‘Getting Health Reform Right; A Guide to Improving Performance and Equity’: A monumental work.


Health Reform is without doubt a great issue in any nation of the world.  In Japan and the United States, too, it is counted as one of the most pressing challenges in national political agendas.

In each country, there exist complicated elements ? social, political, economical, cultural ? unique  to each society and country, but on the other hand, medicine and health care technologies are developing faster in speed.  There is no such health system which fits to every society and country.  Developed nations are struggling on how to reform existing system, which is one of the greatest challenges for policy makers of today.   In the world where information spread with no time, the gap between expectation and perception of the society and actual reality of the health care as they see receive continues to widen.

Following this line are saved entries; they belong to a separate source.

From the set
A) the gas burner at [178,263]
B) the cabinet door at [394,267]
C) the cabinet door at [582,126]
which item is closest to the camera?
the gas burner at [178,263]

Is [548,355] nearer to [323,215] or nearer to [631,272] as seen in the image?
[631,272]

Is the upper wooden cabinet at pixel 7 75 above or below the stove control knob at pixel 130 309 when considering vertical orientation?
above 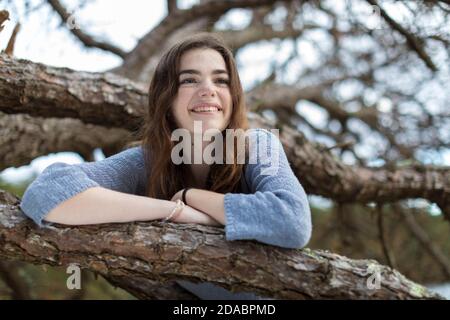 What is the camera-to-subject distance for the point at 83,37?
93.2 inches

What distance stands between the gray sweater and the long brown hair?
0.11m

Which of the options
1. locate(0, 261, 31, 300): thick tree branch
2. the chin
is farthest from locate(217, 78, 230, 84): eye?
locate(0, 261, 31, 300): thick tree branch

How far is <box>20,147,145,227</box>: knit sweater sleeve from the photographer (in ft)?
3.57

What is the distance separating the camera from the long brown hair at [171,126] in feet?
4.41

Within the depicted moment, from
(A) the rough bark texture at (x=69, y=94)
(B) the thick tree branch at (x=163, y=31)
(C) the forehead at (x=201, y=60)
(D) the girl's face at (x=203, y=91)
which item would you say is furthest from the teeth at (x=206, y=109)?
(B) the thick tree branch at (x=163, y=31)

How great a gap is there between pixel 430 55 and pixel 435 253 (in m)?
1.21

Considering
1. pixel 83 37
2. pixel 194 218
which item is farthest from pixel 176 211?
pixel 83 37

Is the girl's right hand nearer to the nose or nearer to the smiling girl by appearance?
the smiling girl

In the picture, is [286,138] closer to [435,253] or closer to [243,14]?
[435,253]

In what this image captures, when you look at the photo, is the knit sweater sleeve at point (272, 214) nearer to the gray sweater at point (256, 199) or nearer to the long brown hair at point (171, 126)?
the gray sweater at point (256, 199)

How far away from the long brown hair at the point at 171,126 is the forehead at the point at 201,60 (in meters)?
0.01

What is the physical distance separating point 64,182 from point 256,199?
0.42 m

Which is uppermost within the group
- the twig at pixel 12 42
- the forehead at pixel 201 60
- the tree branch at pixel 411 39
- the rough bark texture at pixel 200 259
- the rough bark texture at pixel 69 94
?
the tree branch at pixel 411 39
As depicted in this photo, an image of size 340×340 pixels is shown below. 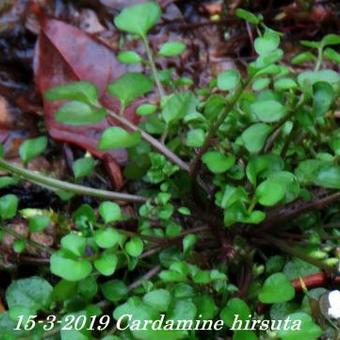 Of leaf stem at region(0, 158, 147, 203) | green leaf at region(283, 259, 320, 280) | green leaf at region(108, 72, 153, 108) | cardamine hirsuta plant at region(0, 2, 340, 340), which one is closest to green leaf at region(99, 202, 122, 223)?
cardamine hirsuta plant at region(0, 2, 340, 340)

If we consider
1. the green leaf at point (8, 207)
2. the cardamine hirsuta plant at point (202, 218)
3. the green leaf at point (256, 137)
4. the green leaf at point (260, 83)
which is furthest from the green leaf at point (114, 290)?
the green leaf at point (260, 83)

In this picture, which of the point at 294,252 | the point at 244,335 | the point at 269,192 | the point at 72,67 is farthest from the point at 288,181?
the point at 72,67

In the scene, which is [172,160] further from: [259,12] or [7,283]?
[259,12]

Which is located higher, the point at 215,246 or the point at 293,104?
the point at 293,104

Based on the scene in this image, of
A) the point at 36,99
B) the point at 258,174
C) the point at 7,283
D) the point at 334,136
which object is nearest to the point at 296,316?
the point at 258,174

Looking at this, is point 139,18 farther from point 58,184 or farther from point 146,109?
point 58,184

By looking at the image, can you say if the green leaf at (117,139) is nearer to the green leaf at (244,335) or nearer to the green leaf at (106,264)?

Large numbers of books on health care system are available including those which illustrate the reform carried out in many countries.  Any universal model does not exist, so each ‘leaders/experts’ must learn as much as possible and speak from better perspective, not only from the value of one’s position.  As I often point out in this web-site and elsewhere (Ref.1, 2), it seems that too many leaders/experts in Japan speak only from their limited personal experiences or positions, thus tend to be less objective and not much perspectives, visions for a bigger picture or longer time frame.

This is one of weak points of ‘Tate shakai (Hierarchical society)’ of Japan where the great majority of people pursue their careers in a linear style (i.e. within the same organization and often seniority-based) within Japan.

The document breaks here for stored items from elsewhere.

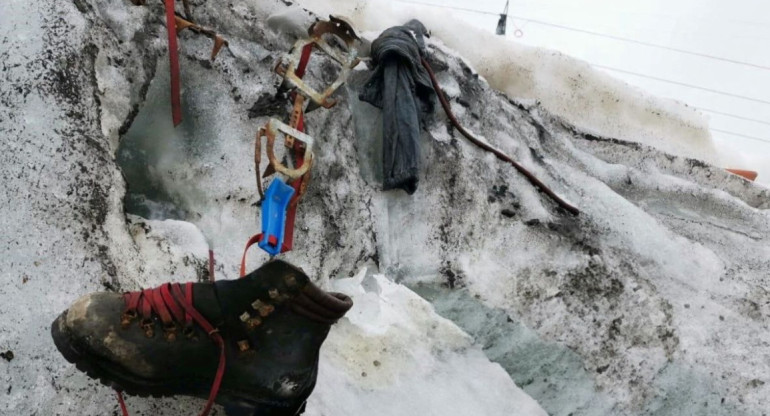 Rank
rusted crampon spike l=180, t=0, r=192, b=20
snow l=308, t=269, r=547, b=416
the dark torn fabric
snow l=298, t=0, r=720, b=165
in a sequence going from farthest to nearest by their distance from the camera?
snow l=298, t=0, r=720, b=165
the dark torn fabric
rusted crampon spike l=180, t=0, r=192, b=20
snow l=308, t=269, r=547, b=416

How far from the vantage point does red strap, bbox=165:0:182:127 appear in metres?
2.46

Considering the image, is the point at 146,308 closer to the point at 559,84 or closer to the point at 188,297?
the point at 188,297

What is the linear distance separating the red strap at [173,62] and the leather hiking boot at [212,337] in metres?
0.96

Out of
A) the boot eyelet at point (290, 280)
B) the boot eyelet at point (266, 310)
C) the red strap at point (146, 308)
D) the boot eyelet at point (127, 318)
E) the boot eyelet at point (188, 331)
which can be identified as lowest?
the boot eyelet at point (188, 331)

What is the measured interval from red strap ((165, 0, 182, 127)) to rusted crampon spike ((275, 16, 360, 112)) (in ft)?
1.18

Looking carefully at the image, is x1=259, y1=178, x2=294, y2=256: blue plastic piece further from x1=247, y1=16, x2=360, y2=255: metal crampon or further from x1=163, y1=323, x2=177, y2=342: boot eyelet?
x1=163, y1=323, x2=177, y2=342: boot eyelet

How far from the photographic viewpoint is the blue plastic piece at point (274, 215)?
6.97ft

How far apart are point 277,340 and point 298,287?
16 cm

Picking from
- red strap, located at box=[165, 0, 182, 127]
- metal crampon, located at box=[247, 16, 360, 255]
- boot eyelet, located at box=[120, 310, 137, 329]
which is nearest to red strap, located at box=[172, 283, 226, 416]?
boot eyelet, located at box=[120, 310, 137, 329]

Several days ago, ‘How to Realize Health Care Reform’was published from Nihon Keizai Shinbun sha.  This is the translation of ‘Getting Health Reform Right; A Guide to Improving Performance and Equity‘(2nd edition, 2008) by Professors of Harvard School of Public Health, Drs Marc Roberts, William Hsiao, Peter Berman, and Michael Reich.  Japanese students who were taught by the authors translated it.  Please search for this book at Amazon.

What makes this book unique from other books of the same theme is that the authors have rich experiences in many countries, understand the difference of social backgrounds of each country; they write not only about policies but also analyses of five ‘Controllers’, i.e. ‘Finance, Expense, Organization, Rules, Actions’, and discuss ethical, political aspects (of the policy) as well as the processes that explain how reform is possible.  The content is very rich and outstanding

The book also provides the analysis of issues and situations pertinent to Japan, how to make reform possible, how policies being developed and advanced on what basis…   Everything is so well thought-out; they encourage us to see the health policy from overall perspectives, stimulate our practical thinking.

I would sincerely like to express my deep appreciation and respect to the four Professors of Harvard University who had written such a wonderful book as well as those who planned and carried out the publication of its Japanese translation.  It was my pleasure and honor to be asked to write a ‘recommendation’in Japanese ) in this book.

This is a book that I recommend strongly to anyone who cares about health policy.  The price seems a bit high (4,500 yen), but is well worth it.